WORK REQUEST: Copy out each line of the data that includes the string "Large".

SUPPLIED MATERIAL:

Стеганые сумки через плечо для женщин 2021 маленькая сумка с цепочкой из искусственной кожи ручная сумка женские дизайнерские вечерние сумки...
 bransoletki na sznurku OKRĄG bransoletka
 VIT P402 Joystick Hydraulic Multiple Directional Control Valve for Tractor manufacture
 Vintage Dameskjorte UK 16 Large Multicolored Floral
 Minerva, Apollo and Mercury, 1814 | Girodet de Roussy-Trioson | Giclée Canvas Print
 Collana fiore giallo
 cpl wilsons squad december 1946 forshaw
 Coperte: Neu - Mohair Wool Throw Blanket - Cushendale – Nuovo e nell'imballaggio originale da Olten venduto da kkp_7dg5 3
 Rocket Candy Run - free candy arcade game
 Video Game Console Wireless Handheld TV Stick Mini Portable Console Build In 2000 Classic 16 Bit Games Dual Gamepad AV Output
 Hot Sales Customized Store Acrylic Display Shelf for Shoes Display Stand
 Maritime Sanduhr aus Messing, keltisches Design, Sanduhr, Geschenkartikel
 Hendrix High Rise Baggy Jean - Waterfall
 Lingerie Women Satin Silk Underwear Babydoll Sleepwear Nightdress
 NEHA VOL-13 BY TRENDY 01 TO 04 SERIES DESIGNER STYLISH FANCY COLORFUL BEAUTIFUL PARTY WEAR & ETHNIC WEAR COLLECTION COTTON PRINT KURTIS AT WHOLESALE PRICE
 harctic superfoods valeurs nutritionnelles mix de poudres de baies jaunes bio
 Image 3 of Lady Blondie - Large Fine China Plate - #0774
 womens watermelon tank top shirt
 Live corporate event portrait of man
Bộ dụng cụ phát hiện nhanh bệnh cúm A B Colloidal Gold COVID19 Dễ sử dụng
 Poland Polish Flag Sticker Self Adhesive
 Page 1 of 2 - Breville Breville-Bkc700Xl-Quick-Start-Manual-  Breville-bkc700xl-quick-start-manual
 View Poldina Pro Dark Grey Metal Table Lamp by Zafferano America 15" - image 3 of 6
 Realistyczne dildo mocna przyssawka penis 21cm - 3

THE COMPLETED TASK:
 Vintage Dameskjorte UK 16 Large Multicolored Floral
 Image 3 of Lady Blondie - Large Fine China Plate - #0774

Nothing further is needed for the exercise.